It is now understood how a novel cloning service may be implemented to thwart the growing problem of dataveillance. The service does not seek to prevent data gathering; rather, the service uses a cloned identity of a principal to automatically and actively process actions according to areas of interest over a network so as to appear to eavesdroppers to be the principal. The actions of the cloning service are in fact designed to pollute the data collected by the eavesdroppers and make electronic profiles, which are derived about the principal less reliable and less valuable to the eavesdroppers.
The Cloning Agent
In Apple's patent FIG. 2 we see a diagram of another method 200 for processing a cloned identity over a network, according to an example embodiment. The method 200 (hereinafter "cloning agent") is implemented in a machine-accessible and readable medium and is operational and accessible over a network. The cloning agent represents an alternative view to the processing depicted above with the cloning service, described with the method 100 of the FIG. 1.
Initially, a cloned identity for a principal is established. This may be achieved in any manner where an electronic identity is assigned to the principal and assumed by other resources on the network to in fact be the principal. The cloned identity is exclusively used by the cloning agent for purposes of polluting dataveillance and electronic profiles generated by eavesdroppers about the principal.
At 210, the cloning agent accesses a portion of the metadata associated with areas of interest for the cloned identity. Again, the structure of the areas of interest may include semantic definitions and other data (e.g., area-specific lexicons, area-specific websites, area-specific services, area-specific actions, etc.). In some cases the structure of the data structure representing the areas of interest may impart preference, a weight, or even a vector for each of the areas if interest defined therein.
Creating/Using Counterfeit Confidential Information
According to an embodiment, at 211, the cloning agent may also acquire metadata for the cloned identity associated with fake or partially fake confidential information for use when processing a particular area of interest. That is, it may be desirable to have some confidential information be legitimate so as to prevent an eavesdropper from distinguishing between the clone and the principal, some of this confidential information may include a birth date, an age, etc. Whereas, other confidential information may be profitably non-legitimate, such as credit card number, phone number, etc. The fake or feigned confidential information may be housed in cookies for the cloned identity and used automatically by the cloning agent when performing certain actions. In other cases, the confidential information may be directly supplied by the cloning agent when performing actions over the network with other services.
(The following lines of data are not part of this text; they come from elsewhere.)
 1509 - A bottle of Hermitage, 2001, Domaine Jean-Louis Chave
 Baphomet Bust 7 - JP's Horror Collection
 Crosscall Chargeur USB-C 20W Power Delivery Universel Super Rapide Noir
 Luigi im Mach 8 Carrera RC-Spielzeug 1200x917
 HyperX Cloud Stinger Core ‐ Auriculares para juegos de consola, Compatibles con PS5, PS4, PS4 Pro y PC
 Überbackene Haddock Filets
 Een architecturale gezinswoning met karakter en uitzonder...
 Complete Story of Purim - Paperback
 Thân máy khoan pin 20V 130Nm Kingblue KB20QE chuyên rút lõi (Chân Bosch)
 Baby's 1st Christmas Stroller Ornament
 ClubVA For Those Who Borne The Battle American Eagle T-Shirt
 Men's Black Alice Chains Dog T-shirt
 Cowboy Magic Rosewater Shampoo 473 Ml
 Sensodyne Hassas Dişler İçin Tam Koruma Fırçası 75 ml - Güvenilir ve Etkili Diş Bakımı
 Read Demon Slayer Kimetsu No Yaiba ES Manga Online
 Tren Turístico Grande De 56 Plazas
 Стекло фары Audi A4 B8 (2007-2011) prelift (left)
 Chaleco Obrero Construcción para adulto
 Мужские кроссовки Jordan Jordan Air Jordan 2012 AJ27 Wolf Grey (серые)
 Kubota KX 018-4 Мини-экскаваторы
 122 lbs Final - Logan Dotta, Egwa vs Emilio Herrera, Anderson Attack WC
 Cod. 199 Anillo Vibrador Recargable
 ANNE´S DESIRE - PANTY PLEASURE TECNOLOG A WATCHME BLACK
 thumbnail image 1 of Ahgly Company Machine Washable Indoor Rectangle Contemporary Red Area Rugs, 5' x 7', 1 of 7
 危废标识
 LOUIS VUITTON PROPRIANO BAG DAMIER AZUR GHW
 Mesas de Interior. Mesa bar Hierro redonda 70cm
It is noted that some or perhaps even a majority of the areas of interest are intentionally designed to be divergent from legitimate or true interests of the principal. However, some others or perhaps even a minority of the areas of interest are in fact consistent with the interests of the principal. The consistent areas of interest are again a mechanism from preventing a savvy eavesdropper from detecting the cloned identity and distinguishing it from the principal. The divergent areas of interest are designed to pollute dataveillance or electronic profiling carried out by the eavesdropper against the principal.
It should also be noted that over time an eavesdropper will begin to associate divergent areas of interest for the clone as being the norm for a particular principal that the eavesdropper believes it is profiling or performing successful dataveillance on. When this is detected or suspect, the areas of divergent interests may be increased for the clone without fear of detection, because the divergent interests are now believed by the eavesdropper to be the norm.
At 220, the cloning agent selects a particular area of interest for processing. The selected area of interest may be systematically selected based on a configuration of the cloning agent, such that areas of interest are all equally processed in defined orders or in a serial fashion. Alternatively, at 221, the particular area of interest may be randomly selected for the available areas of interest.
At 230, the cloning agent automatically performs actions over the network (e.g., Internet via the WWW, etc.) posing as the cloned identity and appearing to eavesdroppers to be the principal. Again, a variety of actions may be automatically processed, such as but not limited to, sending email, reading documents, activating links, registering with services, engaging in on-line chat, taking surveys, issuing searches, and others. The action processed may correspond to a divergent area of interest from that which is associated with the principal. Thus, any eavesdroppers performing electronic profiling or dataveillance against the principal will be polluted when that action is detected and recorded over the network by the eavesdroppers. This can lead to the creation of inconsistent and unreliable profiles that are not valuable and confusing to the eavesdroppers.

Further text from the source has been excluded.